Dalefield player-coach Dane Lett is not a man to rest on his laurels.

Literally just back from helping the Black Sticks men’s hockey team to a silver medal at the Commonwealth Games on Australia’s Gold Coast, Lett was at a Dalefield training session on Tuesday night as they prepared for a Wellington premier division match against Northern United at Clareville on Saturday.

Not that Lett was complaining. In fact, he was brimming with enthusiasm about the prospect of reverting from the intense competition of the Games to being part of a Dalefield squad looking to build further on the successes of the past three seasons which produced premier division titles in 2015 and 2016. They were runners-up last year.

“It’s a big challenge for us. We’re missing a few key players, but we’ve got some really promising youngsters coming on and it’s going to be interesting to see how they develop,” Lett said, adding that the 2-1 win over Victoria University when Dalefield kicked off their latest campaign in his absence last weekend was a “pretty good start”.

Reflecting on the Blacks Sticks’ performance, Lett said the silver medal was not altogether a surprise although they were fourth seeds at the Games behind Australia, India and England. They were confident that if they played to their potential, a spot in the final was a clear possibility.

“We knew we had the team to get that far – it was just a case of performing well game after game and we managed to do that.”

Dane Lett [centre holding son, Rio] and the ‘Lett’s Go Dane’ squad. From left: Kelsi Rutene [Dane’s partner], Lily McGilvary [Trent’s partner], Mum Karen, Dad Bernard, and brother, Trent. PHOTO/SUPPLIED.
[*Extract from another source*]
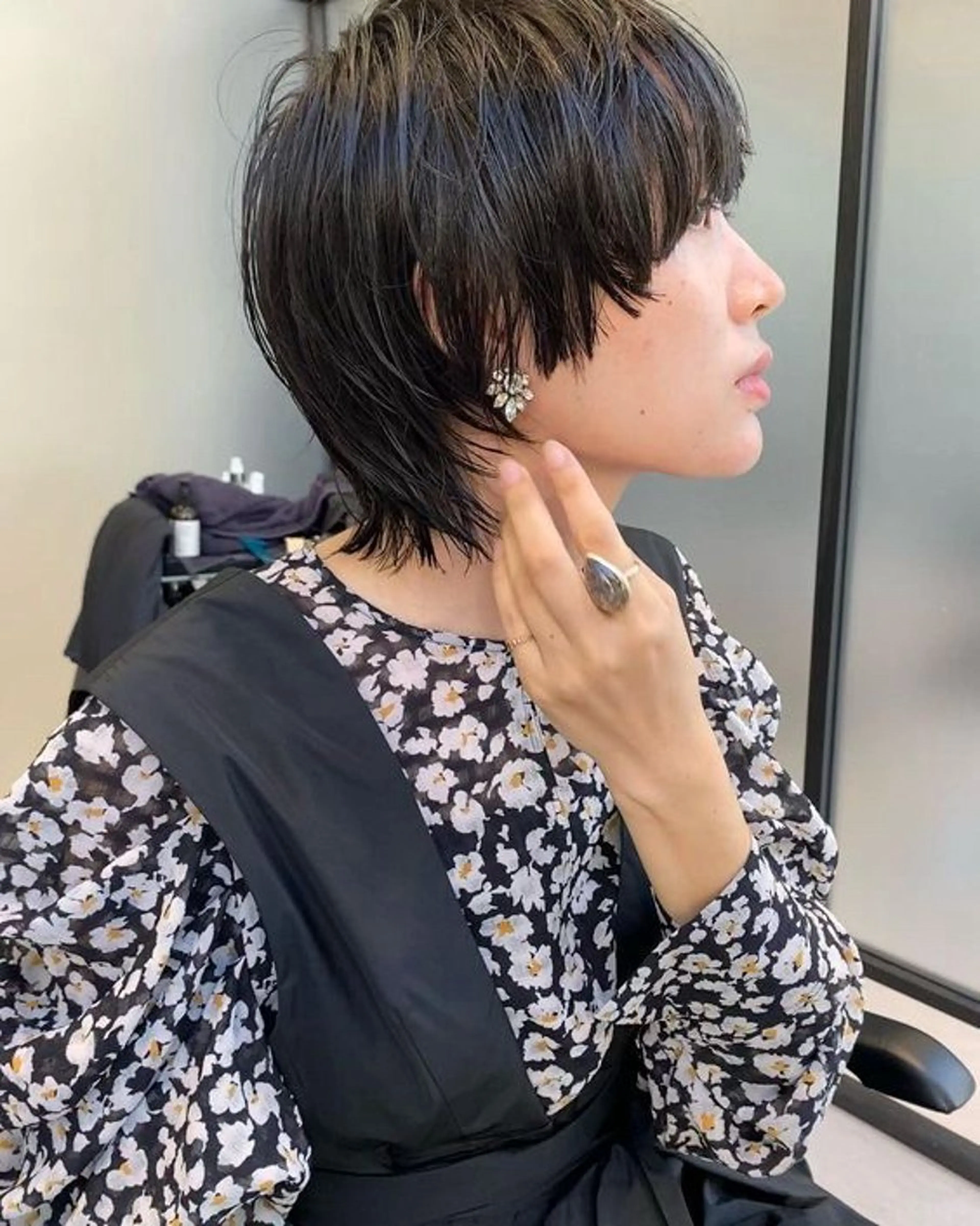 ショート 加藤木麻彩 NEROのヘアスタイル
The Black Sticks saw their opening pool match against Canada as hugely important. It was crucial to boost confidence by getting off to a good start and they had struggled to impose themselves on the Canadians in previous matches.
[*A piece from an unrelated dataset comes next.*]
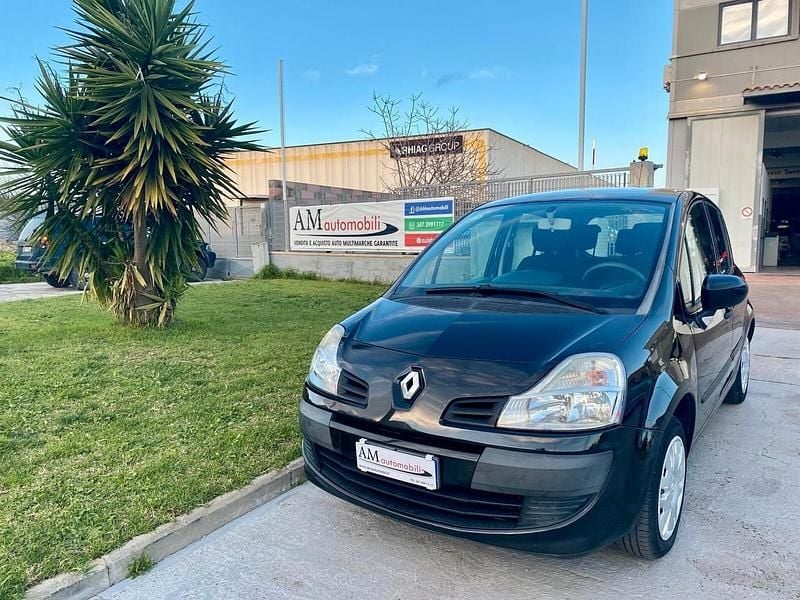 Nero Usata 2009 Renault Modus Expression Monovolume | 4300 € (Cara) - Immagine 1/4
“We put a lot of emphasis on not only winning that game but winning it comfortably. To get there by four goals was a good result for us – it set us up nicely for what was to come.”
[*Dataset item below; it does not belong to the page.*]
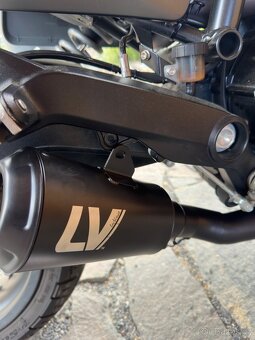 Leo Vince LV 10 - Full Black Ducati Scrembler Desert - 9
Once Canada was despatched, with Lett scoring one of his team’s six goals, the onus was on the Black Sticks to virtually guarantee themselves a semifinal spot by beating lower-ranked sides, South Africa and Scotland, in following pool games.

And when that was achieved without too many hassles, they headed into a semifinal against a powerful India squad with the winner there guaranteed at least a silver medal.

For Lett and his fellow Black Sticks, there was only one tenable result. “Knowing we would medal if we won was certainly a huge incentive, nothing else would have been good enough.”

The Black Sticks won 3-2 in a thrilling match but whether the effort took some toll on them physically and mentally when they lost 2-0 to Australia in the final is something Lett admits is open to debate.

“We certainly fought as hard as we could and kept them honest but maybe that semi did take a bit of the edge off us. We’re weren’t quite as precise as we wanted to be.”

Having said that, Lett is confident the squad of Black Sticks have the talent to seriously challenge the Aussies’ dominance on the world stage, hopefully starting with the World Cup in India at the end of the year.

“The Aussies are the benchmark, but we are getting close and there’s no reason why we shouldn’t knock them off their perch any time soon.”

As to his own form on the Gold Coast, Lett was typically reticent to wax lyrical although the fact he was given plenty of game time in each of the Black Sticks matches would suggest his pre-Games objective to cement a permanent sport in the national side may well have been achieved.

“I was pretty happy, I mean you always tend to think you could have done better but it was an awesome experience and it was just great to be part of it.”